Edgar Hardesty is pastor of a small nondenominational church near Baltimore and an adjunct professor of the Bible and doctrine at Philadelphia College of Bible. He was educated at Philadelphia College of Bible and Dallas Theological Seminary and is completing his master’s degree in Jewish studies at Baltimore Hebrew University. Hardesty received a BAS dig scholarship to join the excavation at Beth-Shemesh.

What was it like to be in Beth-Shemesh during Sennacherib’s siege? That is what I wondered as I dug down to the layer that dated to the fiery destruction of the city in 701 B.C.

The excavation square to which I and three others were assigned lay next to a square that had reached the Sennacherib destruction layer during the previous season. Between the two squares stood a balk—an unexcavated wall of earth left in place to preserve the strata of occupation—that contained a cluster of storage jars embedded in a layer of ash.

As I began to clear away material, my trowel soon uncovered what appeared to be the curve of a jar rim. I gently probed the area, and I realized that there was more here than I had anticipated. Ash was also beginning to appear that matched the ash around the storage jars in the balk, only 3 feet away. Eventually a complete wine service set emerged, nested together with utensils. Included were a small jug and cooking pot, a cooking ring for the cooking pot, several plates and drinking bowls, a wine strainer and two oil lamps. The cooking pot and one of the oil lamps were intact. All of the other pieces had sustained some damage but were restorable. Their context gave the impression that they had fallen as a nested stack and then had toppled over to one side. Over the course of the next two days, the pottery was drawn and photographed in situ, extracted piece by piece, cleaned by acid bath and sent to Tel Aviv University for restoration.

Many questions filled my mind. Who had owned this 2,700-year-old wine set? How does this small find add to our understanding of the city’s history? How do these finds fit with the surrounding context? What had been an academic matter now became quite personal: To study in the somewhat sterile confines of a classroom is one thing; to rummage through the remains that mark the passing of another human soul is quite another.

Angela Roskop

Angela Roskop is a doctoral student in Biblical and ancient Near Eastern languages and cultures at Hebrew Union College-Jewish Institute of Religion in Cincinnati, Ohio. Her academic career began far afield: She majored in violin performance and English literature at a small liberal arts college in Wisconsin. Taking a course on the Bible changed everything: Roskop pursued a graduate degree in Hebrew at the University of Wisconsin-Madison. She is now in her second year at Hebrew Union College.

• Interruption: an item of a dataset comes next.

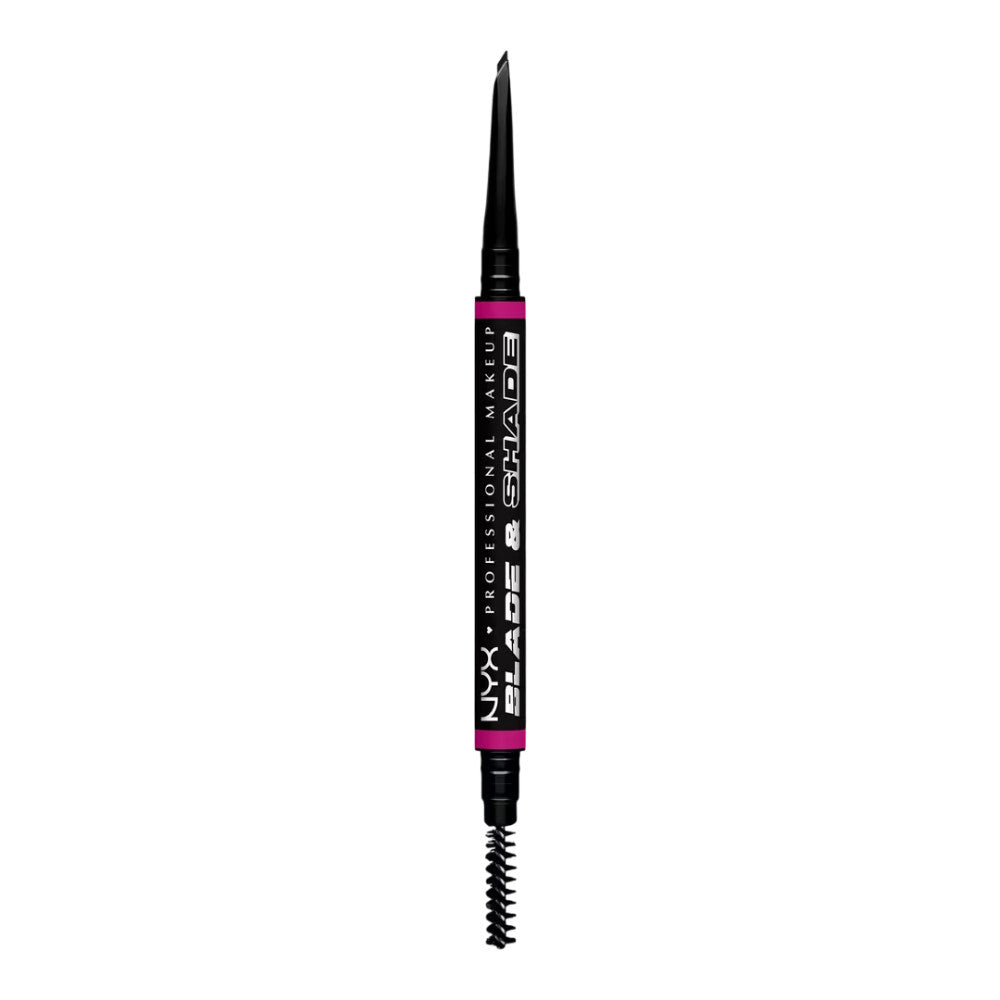 NYX Professional Blade and Shade Nano Brow Pencil- Black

I went to Sepphoris last summer to learn how to do archaeology and to study Roman and Byzantine history. At times, it was difficult to remember that our 5- by 5-meter square was only a piece of a much larger puzzle—a small section of a basilical building. We spent most of each day occupied with small-scale questions: Is this drain earlier or later than that wall? Do these floors go with this wall or that wall? Slowly we formed a more complete picture as we looked at what the other squares were revealing and began to see the building as a whole.

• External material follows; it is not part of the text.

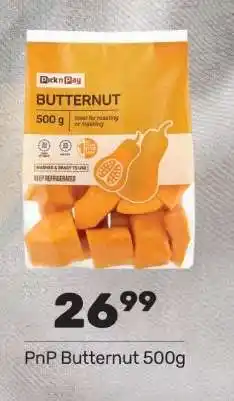 Pick n Pay PnP Butternut 500g offer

Finding great artifacts is, of course, part of the fun and excitement of archaeology, and the volunteers at Sepphoris found many last summer. But it was even more exciting to collect data that could help us answer broad questions about how people lived at Sepphoris and illuminate the city’s relation to the rest of Galilee.

We can read about Sepphoris (or other sites), but there is no substitute for actually being there and excavating, say, the cistern that held the city’s water supply or cleaning out an oven used by a family 2,000 years ago. It was great to have the opportunity not only to advance my own knowledge of history, but to share in the camaraderie of a diverse group of people excited about making a contribution to the world’s knowledge. Contact with the remains of Sepphoris drove home to me the fact that everyday people, not unlike ourselves, lived and worked in this very spot. Their lives were lifted off the page.